Task details:
Search the entries below for the string "Medical" and copy the lines that hold it.

*** Opening Data excerpts ***

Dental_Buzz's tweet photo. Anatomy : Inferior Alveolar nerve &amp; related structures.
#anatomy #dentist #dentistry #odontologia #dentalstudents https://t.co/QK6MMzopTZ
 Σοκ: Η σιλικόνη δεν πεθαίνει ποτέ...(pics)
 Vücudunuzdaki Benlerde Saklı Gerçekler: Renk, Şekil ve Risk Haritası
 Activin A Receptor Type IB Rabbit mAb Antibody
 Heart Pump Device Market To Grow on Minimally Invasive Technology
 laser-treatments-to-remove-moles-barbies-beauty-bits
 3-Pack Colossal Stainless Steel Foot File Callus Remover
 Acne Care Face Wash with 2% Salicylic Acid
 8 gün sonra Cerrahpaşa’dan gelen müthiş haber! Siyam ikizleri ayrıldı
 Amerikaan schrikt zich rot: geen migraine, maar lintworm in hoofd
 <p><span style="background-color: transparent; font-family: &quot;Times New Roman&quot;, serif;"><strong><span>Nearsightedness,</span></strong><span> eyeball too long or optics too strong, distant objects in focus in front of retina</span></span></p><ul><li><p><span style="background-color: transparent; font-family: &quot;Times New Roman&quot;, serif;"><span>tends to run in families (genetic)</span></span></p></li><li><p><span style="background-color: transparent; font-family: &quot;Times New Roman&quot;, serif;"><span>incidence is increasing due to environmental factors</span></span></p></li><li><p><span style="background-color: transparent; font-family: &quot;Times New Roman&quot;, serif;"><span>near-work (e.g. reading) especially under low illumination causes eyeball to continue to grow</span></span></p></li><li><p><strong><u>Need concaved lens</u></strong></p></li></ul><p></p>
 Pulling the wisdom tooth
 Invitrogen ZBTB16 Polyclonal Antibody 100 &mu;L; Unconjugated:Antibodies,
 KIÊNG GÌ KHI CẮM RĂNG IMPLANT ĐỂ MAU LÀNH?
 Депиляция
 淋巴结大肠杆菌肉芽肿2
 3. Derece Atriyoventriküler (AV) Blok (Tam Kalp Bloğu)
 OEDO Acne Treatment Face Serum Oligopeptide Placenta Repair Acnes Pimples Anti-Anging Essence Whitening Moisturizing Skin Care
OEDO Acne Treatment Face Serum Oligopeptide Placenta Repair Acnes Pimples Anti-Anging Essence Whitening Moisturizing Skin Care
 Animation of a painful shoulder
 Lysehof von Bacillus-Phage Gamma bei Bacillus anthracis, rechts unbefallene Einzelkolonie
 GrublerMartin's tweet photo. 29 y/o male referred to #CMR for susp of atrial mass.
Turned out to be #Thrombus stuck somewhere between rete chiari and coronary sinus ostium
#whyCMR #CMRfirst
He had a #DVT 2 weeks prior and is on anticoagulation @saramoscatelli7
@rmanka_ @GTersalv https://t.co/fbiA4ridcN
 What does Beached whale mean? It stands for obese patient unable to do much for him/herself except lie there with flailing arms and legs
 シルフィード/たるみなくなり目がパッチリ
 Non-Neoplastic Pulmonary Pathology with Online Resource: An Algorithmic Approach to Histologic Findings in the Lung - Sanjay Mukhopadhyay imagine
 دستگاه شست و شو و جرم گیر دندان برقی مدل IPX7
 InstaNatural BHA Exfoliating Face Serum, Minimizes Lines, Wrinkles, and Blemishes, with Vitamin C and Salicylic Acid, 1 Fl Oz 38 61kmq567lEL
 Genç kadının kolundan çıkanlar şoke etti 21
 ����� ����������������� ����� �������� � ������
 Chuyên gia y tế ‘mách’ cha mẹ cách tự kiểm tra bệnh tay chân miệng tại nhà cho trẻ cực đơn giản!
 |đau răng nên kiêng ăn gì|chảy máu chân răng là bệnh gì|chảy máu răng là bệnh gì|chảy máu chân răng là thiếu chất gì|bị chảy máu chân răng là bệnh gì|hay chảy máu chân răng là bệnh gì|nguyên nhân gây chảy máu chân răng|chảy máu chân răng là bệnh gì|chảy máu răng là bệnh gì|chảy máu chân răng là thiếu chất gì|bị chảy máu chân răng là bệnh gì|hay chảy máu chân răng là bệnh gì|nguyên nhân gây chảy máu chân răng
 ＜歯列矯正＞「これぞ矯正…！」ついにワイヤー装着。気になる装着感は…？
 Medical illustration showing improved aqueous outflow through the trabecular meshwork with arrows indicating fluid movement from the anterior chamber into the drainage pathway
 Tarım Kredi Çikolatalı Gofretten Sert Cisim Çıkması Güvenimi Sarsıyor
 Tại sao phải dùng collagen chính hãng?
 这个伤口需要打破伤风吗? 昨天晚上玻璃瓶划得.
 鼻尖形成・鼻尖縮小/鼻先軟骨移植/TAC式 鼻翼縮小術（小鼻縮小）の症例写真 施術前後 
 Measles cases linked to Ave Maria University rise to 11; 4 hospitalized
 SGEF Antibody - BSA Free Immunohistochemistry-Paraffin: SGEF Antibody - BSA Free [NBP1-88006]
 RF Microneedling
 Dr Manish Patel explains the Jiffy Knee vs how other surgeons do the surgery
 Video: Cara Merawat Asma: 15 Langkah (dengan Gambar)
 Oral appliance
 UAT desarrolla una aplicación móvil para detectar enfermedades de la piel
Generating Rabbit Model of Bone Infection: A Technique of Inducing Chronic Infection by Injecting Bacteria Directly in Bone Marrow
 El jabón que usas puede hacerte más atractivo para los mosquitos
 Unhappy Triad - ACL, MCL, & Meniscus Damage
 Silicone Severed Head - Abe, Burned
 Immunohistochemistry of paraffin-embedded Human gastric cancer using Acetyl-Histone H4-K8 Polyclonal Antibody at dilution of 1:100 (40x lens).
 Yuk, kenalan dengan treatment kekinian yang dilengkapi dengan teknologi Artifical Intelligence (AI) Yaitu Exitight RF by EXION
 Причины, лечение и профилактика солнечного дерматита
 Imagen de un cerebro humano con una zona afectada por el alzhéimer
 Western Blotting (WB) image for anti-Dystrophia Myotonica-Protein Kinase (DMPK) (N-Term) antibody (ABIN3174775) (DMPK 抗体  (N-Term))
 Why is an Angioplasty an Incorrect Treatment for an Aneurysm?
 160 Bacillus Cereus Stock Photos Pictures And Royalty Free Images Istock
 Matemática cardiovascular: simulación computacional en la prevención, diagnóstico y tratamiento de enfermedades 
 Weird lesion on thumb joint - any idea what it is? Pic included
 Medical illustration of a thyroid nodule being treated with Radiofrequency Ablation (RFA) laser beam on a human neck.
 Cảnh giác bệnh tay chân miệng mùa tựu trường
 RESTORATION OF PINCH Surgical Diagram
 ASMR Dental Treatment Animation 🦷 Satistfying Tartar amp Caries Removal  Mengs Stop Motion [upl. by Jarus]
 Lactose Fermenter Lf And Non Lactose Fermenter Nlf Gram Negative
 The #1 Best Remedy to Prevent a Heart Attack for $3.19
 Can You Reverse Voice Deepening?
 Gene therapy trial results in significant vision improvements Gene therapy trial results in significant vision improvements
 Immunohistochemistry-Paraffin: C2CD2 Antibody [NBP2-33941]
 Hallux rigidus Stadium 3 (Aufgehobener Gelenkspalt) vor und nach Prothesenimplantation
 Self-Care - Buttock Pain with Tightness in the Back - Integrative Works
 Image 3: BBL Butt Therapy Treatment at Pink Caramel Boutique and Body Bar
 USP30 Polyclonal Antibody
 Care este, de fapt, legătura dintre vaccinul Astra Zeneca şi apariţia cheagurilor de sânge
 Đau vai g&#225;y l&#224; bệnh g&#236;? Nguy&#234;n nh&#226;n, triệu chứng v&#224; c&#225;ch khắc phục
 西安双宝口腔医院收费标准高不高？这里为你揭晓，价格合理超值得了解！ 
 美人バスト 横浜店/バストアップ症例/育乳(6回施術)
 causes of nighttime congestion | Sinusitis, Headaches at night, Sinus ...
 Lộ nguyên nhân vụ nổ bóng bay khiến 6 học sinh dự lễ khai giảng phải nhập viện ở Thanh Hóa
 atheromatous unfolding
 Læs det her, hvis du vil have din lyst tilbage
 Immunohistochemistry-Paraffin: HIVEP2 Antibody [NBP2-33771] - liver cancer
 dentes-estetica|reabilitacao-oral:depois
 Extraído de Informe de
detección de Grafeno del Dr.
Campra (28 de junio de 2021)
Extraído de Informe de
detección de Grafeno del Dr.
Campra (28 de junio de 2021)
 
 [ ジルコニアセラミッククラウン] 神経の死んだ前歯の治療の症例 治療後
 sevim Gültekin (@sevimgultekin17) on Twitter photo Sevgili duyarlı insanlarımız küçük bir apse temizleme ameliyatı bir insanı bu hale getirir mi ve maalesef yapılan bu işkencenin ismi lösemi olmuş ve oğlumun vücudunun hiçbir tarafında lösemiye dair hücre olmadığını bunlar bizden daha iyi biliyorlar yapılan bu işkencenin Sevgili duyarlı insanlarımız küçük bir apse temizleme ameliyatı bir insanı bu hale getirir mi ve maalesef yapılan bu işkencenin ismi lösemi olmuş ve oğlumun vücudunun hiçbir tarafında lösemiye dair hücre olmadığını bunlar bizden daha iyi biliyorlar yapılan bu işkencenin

*** Closing Data excerpts ***

Exercise solution:
 Medical illustration showing improved aqueous outflow through the trabecular meshwork with arrows indicating fluid movement from the anterior chamber into the drainage pathway
 Medical illustration of a thyroid nodule being treated with Radiofrequency Ablation (RFA) laser beam on a human neck.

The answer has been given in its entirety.